The Moscow Times, eternal font of all weird Russian things, has this dispatch from the motherland:
Young people who gathered to celebrate spring by blowing bubbles at an annual flash mob in central St. Petersburg were attacked by a group of suspected neo-Nazis who mistook the gathering for a gay pride event, flash mob organizers said.
Some 500 people stood blowing bubbles on the steps of Gorkovskaya metro station and in the surrounding Alexandrovsky Park at about 4 p.m. Sunday — the agreed time for the start of the flash mob — when about 30 men ran up and started beating them and firing rubber bullets.
Several people fell to the ground before the attackers fled at the sight of approaching OMON riot police officers. A reporter saw officers detain at least one attacker. Police also detained about 30 bubble-blowers for five hours on suspicion of walking on the grass, a charge that they denied, organizers said.
Emphasis mine. True story: I've actually been vaguely threatened with arrest by Romanian police officers because I was standing on the grass (an Eastern European euphemism for mud, as far as I can tell). I think they were shaking me down for a bribe (or at least sizing me up/priming me for one), though eventually they left me alone.

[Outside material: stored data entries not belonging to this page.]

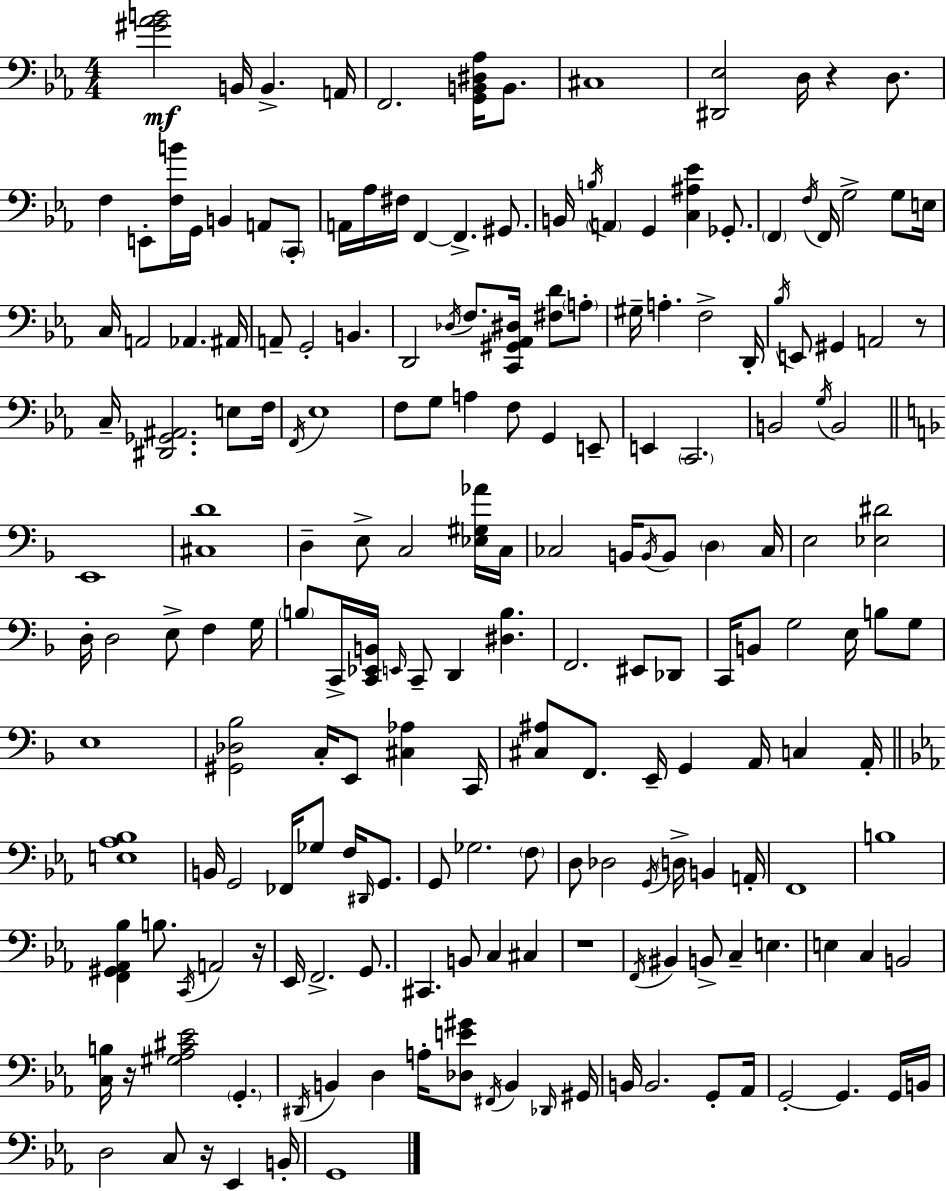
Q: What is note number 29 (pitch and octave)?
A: G3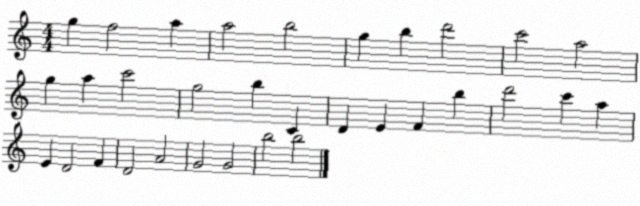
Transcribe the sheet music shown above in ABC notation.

X:1
T:Untitled
M:4/4
L:1/4
K:C
g f2 a a2 b2 g b d'2 c'2 a2 g a c'2 g2 b C D E F b d'2 c' a E D2 F D2 A2 G2 G2 b2 b2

In this specific case, I think the, uh, "mix-up" was probably genuine and not directed on high, but I think the Kremlin deserves ultimate responsibility for the rise of Russian neo-Nazism generally. And not just for indirect reasons like a poor economy and the government's political scapegoating of immigrants; rather, the Russian is literally training them:
Human Rights researchers in Moscow have published documents showing "Nazi skinheads are being encouraged, organized, and used by Russia's ruling circles in their own interests." And Isvestiya reported that "Nazi skinheads from an openly fascist organization, the NNP (People's National Party), were being trained at the Moscow OMON special-purpose police detachment facilities and that they were being trained specifically by OMON coaches." Several years ago Russian historian Vladimir Ilyushenko asserted that "some parties view skinheads as their reserve. The process of encouraging fascist sentiments in Russia is steered by government officials."